I'm eating and I'm reading a book. Fine. Right. Waitress comes over to me (chewing), "What you reading for?" Now, I said, "Wow, I've never been asked that. Goddang it you stumped me. Not what am I reading, but what am I reading for? I guess I read for a lot of reasons, but one of the main ones....is so I don't end up being a fucking waffle waitress. That's pretty high on the list." Then, this trucker in the next booth gets up, stands over me and says, "Well, looks like we got ourselves a reader"....It's like I walked into a Klan rally dressed in a Boy George costume or something.

It's not that Hicks is being merely misanthropic -- in a succinct anecdote, he is able to summarize what he saw as the rise of American anti-intellectualism. Whether you agree with him or not, with a joke Hicks was able to express his views more clearly, and certainly more humorously, than any of the pundits working the television news programs today.

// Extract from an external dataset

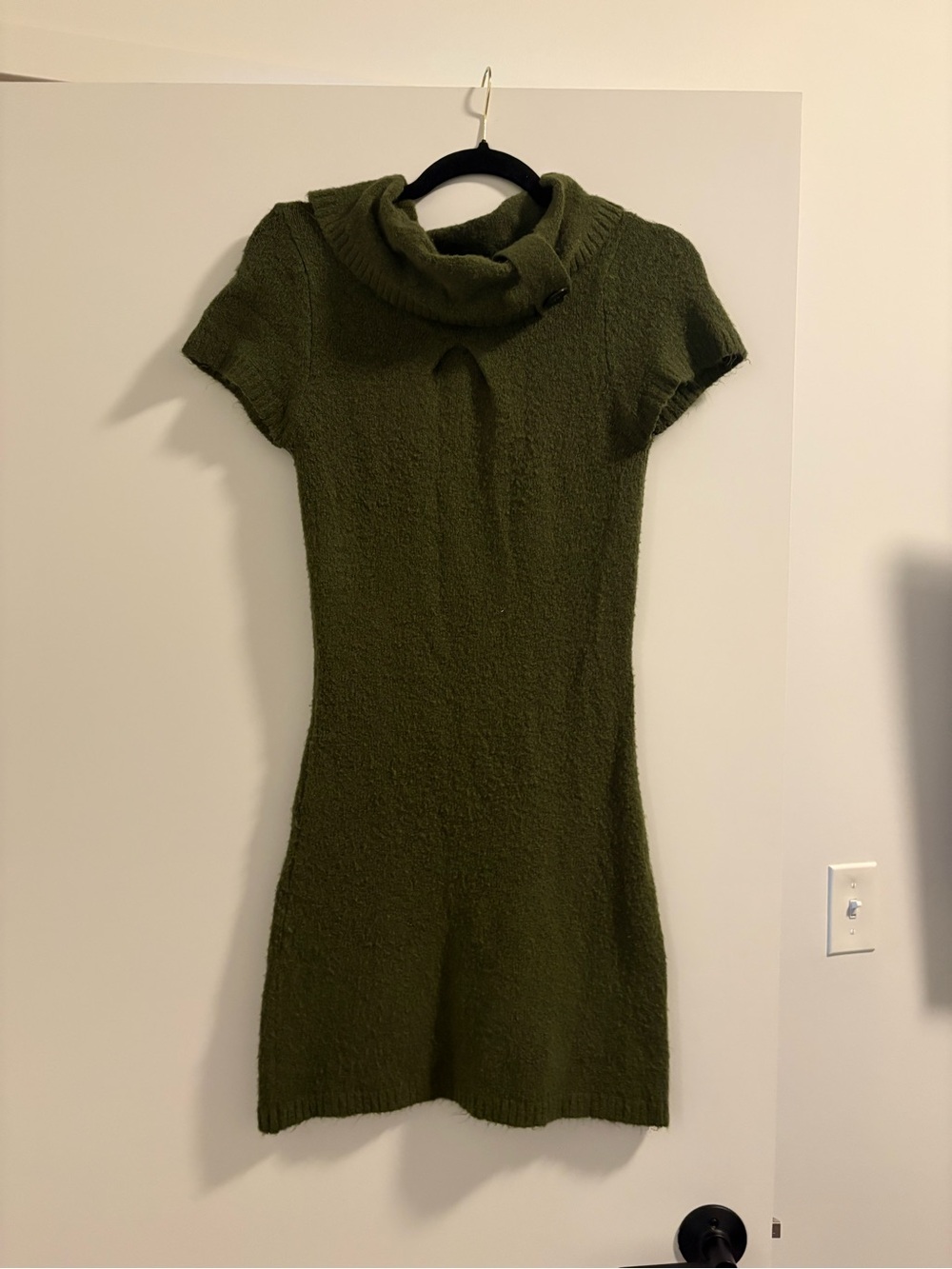 Dollcake Olive Green Short-Sleeve Cowl-Neck Mini Dress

But Hicks isn't merely a malcontent kicking and screaming against things he doesn't like, he was a social critic of the highest order, one who used humor and outrage to illuminate what he saw as the social injustices in America. He wanted to show audiences how he felt this country spends more time and money arming the world than feeding it, how it prides itself on its ignorant self-righteousness, and how he questions a country that still insists on fighting a losing war against illegal drugs, without mentioning the damage caused by the legal (and taxable) ones. Sure, he spends a lot of time waxing poetic on his love of pornography and how much fun he used to have on drugs, but that is just the sugar to help the medicine of his message go down. What makes this even more amusing is that if you compare (for example) Hicks's solution for the aging and terminally ill (use them as stunt people in Hollywood), to anything that Ann Coulter writes, and you realize that Hicks is joking and Coulter is not, you begin to see how absurd most of what passes for political discourse in this country really is.

Sadly Love All the People does have a few drawbacks. The first being that, like most comedians, Hicks tended to recycle his material a bit, so the reader will keep coming across the same punchlines numerous times. The best bet is to not read this in one sitting. Also, part of the joy of comedy is timing, which you just can't get from merely reading these monologues if you've never seen him perform. But, given the paucity of material available on Hicks, these minor flaws are easy to overlook. And if this book spurs its readers to seek out videos and compact discs of Hicks performing live, then it's done its job.

Hicks's humor wasn't for everyone, and during his lifetime, few had a chance to hear it. Love All the People gives a talented and insightful performer a second lease on life. What is tragic about Hicks's belated renaissance is that it seems very little has changed in this country. But, as the sign at the entrance to Jonestown said (stealing a phrase from George Santayana) "Those who do not remember the past are condemned to repeat it." I truly believe that somewhere on the other side, Hicks is having the last laugh.